Why not e.g. give a few billions to DARPA for energy and health research? The
USA should get both prestige and real jobs from that.

(+) Say, a tenth of the money earned from the cost difference between Ares and
the private alternatives being built now?

------
dpifke
While I don't disagree with canceling the current tactical plan ("let's build
Ares/Orion"), I wish he hadn't canceled the current vision ("let's return to
the Moon/go to Mars"). Maybe the two were inextricably linked, but seems like
whatever efficiency we gain through privatization could just as easily be
squandered by a NASA stumbling around without a purpose or motivation.

The counterpoint to this seems to be this:

[http://www.whitehouse.gov/blog/2010/04/13/grand-
challenges-2...](http://www.whitehouse.gov/blog/2010/04/13/grand-
challenges-21st-century-your-ideas-welcome)

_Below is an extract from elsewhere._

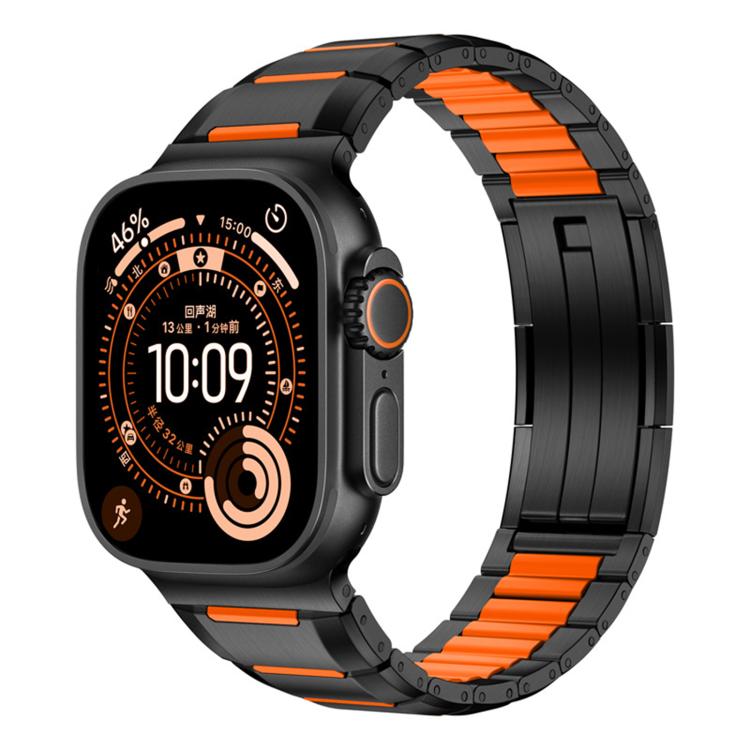 Multi-Faceted Rubber Inlaid Stainless Steel Watch Band, For Apple Watch 46mm / 49mm / 45mm / 44mm, For Apple Watch 42mm / 41mm / 40mm / 38mm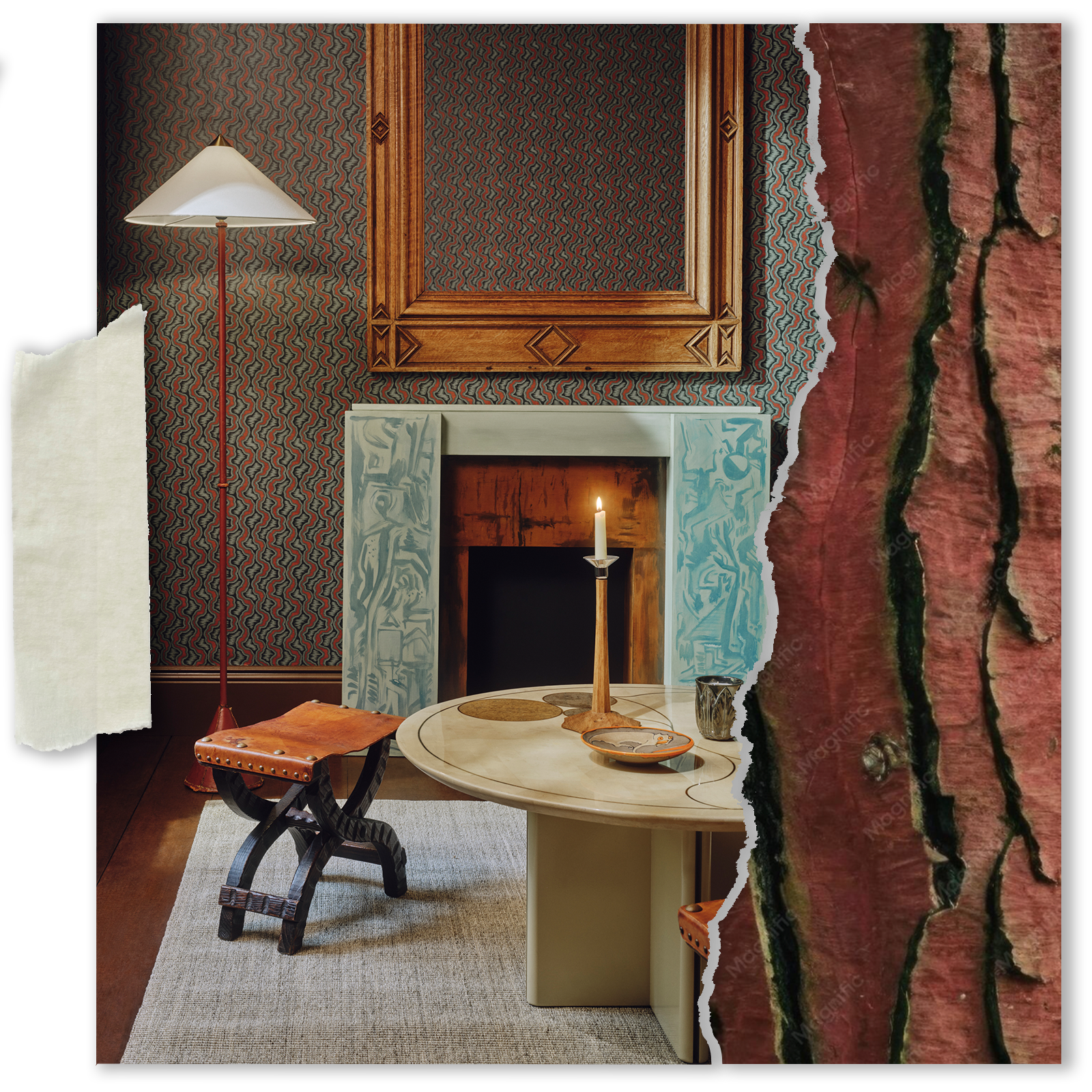 a room with a fireplace and a table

...which is a call for the next "Moon landing" scale project for the US to
back. So at least at some level they're aware that these sorts of visions are
needed, and (possibly quite correctly) the Moon return and Mars landing wasn't
it.

------
pmichaud
Summary: Orion wasn't going to work, so it's good Obama canceled it. He's
looking forward to private industry solving all the problems while NASA works
on interplanetary stuff. He thinks the president's upcoming speech about space
is going to be important, so to stay tuned for it.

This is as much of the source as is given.